THE DATA>
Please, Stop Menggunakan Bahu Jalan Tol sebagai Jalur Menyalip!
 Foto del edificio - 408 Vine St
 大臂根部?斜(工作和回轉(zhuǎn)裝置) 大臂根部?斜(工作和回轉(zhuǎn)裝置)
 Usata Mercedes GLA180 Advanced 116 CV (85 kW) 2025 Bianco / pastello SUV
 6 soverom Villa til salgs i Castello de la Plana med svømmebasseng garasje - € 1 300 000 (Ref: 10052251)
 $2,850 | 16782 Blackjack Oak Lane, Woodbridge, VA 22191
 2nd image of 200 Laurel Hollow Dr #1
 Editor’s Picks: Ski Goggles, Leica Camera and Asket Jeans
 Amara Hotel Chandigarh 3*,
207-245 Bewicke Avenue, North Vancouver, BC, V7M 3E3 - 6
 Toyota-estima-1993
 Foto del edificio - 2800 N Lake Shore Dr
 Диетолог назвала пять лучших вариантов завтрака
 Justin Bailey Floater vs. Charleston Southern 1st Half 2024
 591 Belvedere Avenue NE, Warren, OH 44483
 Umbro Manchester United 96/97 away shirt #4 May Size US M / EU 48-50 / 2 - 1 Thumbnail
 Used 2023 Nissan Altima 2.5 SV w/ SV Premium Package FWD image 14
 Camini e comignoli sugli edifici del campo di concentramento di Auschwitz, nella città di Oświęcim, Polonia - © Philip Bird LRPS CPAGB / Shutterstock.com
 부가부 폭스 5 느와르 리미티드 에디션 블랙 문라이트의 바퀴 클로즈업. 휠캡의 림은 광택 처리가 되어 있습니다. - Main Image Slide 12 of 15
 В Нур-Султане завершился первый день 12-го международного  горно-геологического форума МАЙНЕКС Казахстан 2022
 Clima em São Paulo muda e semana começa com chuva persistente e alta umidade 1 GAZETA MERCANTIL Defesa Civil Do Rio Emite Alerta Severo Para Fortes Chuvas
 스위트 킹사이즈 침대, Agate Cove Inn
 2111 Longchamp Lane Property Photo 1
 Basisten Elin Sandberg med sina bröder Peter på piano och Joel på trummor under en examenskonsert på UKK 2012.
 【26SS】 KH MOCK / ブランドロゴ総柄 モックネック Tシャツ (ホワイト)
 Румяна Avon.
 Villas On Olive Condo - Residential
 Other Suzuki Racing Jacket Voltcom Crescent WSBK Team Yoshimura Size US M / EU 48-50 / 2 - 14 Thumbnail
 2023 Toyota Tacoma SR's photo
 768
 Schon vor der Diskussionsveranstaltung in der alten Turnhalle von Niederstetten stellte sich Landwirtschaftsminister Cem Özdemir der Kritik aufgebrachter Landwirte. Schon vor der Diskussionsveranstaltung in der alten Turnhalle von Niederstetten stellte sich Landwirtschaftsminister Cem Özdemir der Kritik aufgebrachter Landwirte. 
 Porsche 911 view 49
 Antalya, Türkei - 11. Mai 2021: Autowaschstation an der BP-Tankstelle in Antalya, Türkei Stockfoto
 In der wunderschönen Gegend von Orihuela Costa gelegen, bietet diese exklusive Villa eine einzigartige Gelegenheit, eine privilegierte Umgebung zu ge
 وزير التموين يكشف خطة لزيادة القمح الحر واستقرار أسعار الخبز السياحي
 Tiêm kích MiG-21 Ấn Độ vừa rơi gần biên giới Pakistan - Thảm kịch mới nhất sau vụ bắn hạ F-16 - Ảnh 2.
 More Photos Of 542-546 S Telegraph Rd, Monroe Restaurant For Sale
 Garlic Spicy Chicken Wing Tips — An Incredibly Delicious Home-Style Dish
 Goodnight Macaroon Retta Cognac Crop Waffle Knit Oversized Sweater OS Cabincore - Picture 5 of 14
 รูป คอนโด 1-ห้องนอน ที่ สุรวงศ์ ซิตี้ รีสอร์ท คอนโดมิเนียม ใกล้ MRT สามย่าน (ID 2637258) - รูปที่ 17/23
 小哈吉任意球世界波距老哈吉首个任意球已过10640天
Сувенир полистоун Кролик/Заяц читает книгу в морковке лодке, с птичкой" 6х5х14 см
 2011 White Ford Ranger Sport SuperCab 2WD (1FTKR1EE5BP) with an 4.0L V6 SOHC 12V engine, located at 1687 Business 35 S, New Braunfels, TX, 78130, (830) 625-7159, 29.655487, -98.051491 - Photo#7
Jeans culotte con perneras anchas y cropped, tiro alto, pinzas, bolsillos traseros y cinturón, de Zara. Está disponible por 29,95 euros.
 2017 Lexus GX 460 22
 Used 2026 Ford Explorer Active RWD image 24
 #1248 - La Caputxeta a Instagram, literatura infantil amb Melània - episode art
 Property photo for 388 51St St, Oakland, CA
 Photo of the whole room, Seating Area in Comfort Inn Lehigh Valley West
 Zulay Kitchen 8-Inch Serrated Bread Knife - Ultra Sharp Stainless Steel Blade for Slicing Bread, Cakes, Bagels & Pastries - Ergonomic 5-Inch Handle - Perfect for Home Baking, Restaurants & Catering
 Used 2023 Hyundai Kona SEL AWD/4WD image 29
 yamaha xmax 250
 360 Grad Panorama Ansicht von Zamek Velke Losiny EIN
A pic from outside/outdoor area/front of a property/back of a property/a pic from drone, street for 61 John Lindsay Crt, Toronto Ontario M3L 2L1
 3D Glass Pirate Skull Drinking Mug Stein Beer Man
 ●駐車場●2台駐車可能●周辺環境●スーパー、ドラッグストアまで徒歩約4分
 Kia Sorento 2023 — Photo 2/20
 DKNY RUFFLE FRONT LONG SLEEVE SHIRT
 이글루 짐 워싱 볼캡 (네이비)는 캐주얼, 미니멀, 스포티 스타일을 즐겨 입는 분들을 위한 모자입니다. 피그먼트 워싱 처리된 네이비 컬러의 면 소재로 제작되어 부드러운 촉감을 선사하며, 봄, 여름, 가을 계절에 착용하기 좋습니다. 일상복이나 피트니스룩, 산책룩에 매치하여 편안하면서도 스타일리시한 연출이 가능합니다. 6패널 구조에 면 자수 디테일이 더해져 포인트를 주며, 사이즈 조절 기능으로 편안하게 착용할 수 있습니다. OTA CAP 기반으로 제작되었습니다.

EXERCISE REQUIREMENTS> All lines with the word "Jeans" need to be copied from the data above.

RESPONSE TO THE TASK>
 Editor’s Picks: Ski Goggles, Leica Camera and Asket Jeans
Jeans culotte con perneras anchas y cropped, tiro alto, pinzas, bolsillos traseros y cinturón, de Zara. Está disponible por 29,95 euros.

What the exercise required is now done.